Consider this family of series: $$\sum _{n=0} ^{\infty} \frac{1}{\left(n+\frac{m}{2}\right)^{\beta}} \frac{d^{\alpha}}{{dx}^{\alpha}} \left. \binom{x-m}{n} \right|_{x=0}, \quad \text{where}~ m \geq0$$
Here's how this paper by Borwein and Straub considers the case of $m=0$ and finds a closed form. First we need to calculate the derivatives of the binomial coefficient.
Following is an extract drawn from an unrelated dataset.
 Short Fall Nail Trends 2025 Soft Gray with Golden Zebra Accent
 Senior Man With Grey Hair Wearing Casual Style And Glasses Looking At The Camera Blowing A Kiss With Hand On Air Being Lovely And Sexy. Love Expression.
To this end, let's define the multiple harmonic number for $n\geq 1$ as: $$H^{[\alpha]}_{n-1} = \sum _{n < i_1< \cdots <i_{\alpha}}\frac{1}{i_1 i_2 \cdots i_{\alpha}} =\sum _{i_1=1} ^{n-1} \frac{1}{i_1}\sum _{i_2=1} ^{i_1} \frac{1}{i_2} \cdots\sum _{i_{\alpha}=1} ^{i_{\alpha-1}} \frac{1}{i_{\alpha}}$$
The claim is that the following identity holds for $n \geq 1$: $$\frac{(-1)^{\alpha}}{\alpha!} \frac{d^{\alpha}}{{dx}^{\alpha}} \left. \binom{x}{n} \right|_{x=0} = \frac{(-1)^n}{n} H^{[\alpha-1]} _{n-1} \tag{☼}$$
Then, it is stated that the series reduces to the Nielsen polylogarithm function like so: $$\sum _{n=1} ^{\infty} \frac{(\pm1)^n}{n^{\beta}} H^{[\alpha]}_{n-1} = S_{\beta,\alpha}(\pm1) \tag{☾}$$ How can we show that formulas $(☼)$ and $(☾)$ are true? And could they be generalized to the case of $m = 1$?